Segment Open

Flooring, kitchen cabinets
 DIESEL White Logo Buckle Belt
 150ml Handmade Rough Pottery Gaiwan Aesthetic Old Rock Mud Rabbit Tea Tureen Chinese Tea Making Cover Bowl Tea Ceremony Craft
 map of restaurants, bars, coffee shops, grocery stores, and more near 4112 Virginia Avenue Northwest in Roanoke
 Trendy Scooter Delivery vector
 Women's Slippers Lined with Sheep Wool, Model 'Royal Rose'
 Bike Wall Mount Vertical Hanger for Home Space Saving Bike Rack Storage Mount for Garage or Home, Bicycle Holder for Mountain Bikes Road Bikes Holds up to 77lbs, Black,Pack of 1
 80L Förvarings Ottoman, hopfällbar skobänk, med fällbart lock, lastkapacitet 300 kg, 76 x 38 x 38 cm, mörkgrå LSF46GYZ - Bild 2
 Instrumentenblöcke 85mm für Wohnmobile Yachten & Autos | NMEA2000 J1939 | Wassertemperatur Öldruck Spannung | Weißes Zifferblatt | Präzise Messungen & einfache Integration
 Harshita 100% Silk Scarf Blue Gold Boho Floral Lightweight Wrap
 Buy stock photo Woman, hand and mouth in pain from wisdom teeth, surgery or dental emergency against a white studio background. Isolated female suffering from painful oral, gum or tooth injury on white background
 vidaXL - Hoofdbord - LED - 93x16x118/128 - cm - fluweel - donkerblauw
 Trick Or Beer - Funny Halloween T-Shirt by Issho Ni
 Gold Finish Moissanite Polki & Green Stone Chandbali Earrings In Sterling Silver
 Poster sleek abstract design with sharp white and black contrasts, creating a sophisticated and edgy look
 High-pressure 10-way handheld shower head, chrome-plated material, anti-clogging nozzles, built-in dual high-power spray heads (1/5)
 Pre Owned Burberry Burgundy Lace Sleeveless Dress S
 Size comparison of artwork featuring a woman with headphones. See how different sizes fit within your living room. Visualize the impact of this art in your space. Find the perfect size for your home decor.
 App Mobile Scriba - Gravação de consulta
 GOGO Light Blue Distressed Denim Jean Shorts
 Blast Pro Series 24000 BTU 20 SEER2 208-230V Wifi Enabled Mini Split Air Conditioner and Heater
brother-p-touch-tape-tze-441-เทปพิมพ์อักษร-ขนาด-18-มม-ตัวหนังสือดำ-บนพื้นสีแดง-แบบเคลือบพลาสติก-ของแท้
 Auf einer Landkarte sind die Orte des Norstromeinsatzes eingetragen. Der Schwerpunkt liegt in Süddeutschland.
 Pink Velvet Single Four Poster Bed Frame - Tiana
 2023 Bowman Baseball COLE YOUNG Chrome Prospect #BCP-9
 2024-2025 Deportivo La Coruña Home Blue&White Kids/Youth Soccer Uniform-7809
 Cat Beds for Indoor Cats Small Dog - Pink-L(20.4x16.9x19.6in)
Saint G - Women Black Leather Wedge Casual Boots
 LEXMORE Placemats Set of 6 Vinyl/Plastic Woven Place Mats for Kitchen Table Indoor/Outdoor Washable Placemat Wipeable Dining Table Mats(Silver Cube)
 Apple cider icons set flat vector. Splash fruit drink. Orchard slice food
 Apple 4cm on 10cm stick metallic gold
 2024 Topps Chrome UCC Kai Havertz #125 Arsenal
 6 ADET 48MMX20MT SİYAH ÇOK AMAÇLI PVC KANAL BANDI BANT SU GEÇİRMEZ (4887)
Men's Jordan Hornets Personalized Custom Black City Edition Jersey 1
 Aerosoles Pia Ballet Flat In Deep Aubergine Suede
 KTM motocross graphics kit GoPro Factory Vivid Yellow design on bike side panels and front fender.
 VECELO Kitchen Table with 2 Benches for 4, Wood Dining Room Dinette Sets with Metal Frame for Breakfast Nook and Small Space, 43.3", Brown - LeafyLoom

Segment Closed

In the records above, find the lines containing "with" and copy them.

Problem solution >>
 Women's Slippers Lined with Sheep Wool, Model 'Royal Rose'
 Poster sleek abstract design with sharp white and black contrasts, creating a sophisticated and edgy look
 Size comparison of artwork featuring a woman with headphones. See how different sizes fit within your living room. Visualize the impact of this art in your space. Find the perfect size for your home decor.
 VECELO Kitchen Table with 2 Benches for 4, Wood Dining Room Dinette Sets with Metal Frame for Breakfast Nook and Small Space, 43.3", Brown - LeafyLoom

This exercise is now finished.